The story takes place over a period of a little over a decade. But, as I said, the war itself isn't so much the focus as three characters and their positions about both war in general and this war in particular. None of them end up in the same place they start, all of them shaped by their individual experiences. Both from before and during the story. All of it tracks and all of it makes sense. Everybody's decisions here, even when they contradict each, have solid rationales behind them. And the people whose decisions are based on belief? Even when those decisions change and even their whole belief system changes, they continue to make choices that reflect who they are.
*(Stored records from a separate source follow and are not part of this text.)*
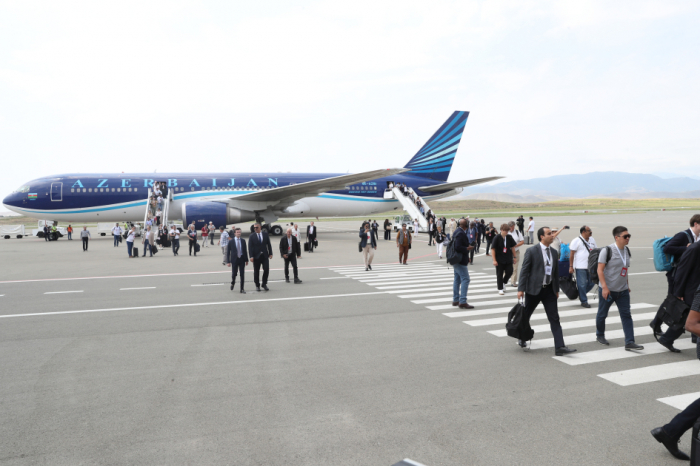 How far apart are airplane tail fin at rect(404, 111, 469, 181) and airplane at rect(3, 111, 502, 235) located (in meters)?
0.09

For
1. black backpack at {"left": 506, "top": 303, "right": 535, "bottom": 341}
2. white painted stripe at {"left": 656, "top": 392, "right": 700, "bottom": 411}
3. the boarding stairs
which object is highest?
the boarding stairs

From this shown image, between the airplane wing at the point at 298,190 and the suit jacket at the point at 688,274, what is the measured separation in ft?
73.5

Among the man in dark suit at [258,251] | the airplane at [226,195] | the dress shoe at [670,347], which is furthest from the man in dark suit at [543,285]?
the airplane at [226,195]

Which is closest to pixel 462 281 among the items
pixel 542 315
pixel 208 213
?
pixel 542 315

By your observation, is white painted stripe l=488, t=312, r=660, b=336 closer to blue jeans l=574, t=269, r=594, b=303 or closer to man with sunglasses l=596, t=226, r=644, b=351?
blue jeans l=574, t=269, r=594, b=303

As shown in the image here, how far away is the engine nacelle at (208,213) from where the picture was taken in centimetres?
3003

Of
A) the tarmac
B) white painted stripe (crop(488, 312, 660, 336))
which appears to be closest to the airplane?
white painted stripe (crop(488, 312, 660, 336))

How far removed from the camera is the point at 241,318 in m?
9.10

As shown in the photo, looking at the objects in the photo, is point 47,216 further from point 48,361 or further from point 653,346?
point 653,346

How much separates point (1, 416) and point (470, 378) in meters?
5.28

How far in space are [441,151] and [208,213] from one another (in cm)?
2032

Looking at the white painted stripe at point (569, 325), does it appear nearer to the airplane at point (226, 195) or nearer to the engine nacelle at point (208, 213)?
the airplane at point (226, 195)

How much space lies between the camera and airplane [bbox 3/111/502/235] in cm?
3080

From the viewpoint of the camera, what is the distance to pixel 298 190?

Towards the end, Maggie says, "Nothing we do happens independently. Everyone and everything is connected." The actions she took that put her in prison affected Andy and Olivia. And their actions at the end of the book -- again, over a decade after the start -- are the result, albeit indirectly, of Maggie blowing up a police vehicle. But there's no real judgement by or from any of the characters. Their actions are their actions, and they all seem to take responsibilty for them. But there's no commentary on who is right or wrong, who is more or less justified.

Badiucao and Melissa Chan put together an excellent story here. It's uncomfortable given the insanely petty and authoritarian whims of the asshole in the White House right now, but it offers a lot to think about and worth the read. The book came out earlier this month from Street Noise Books and retails for $23.99 US; it should be available from your favorite book seller.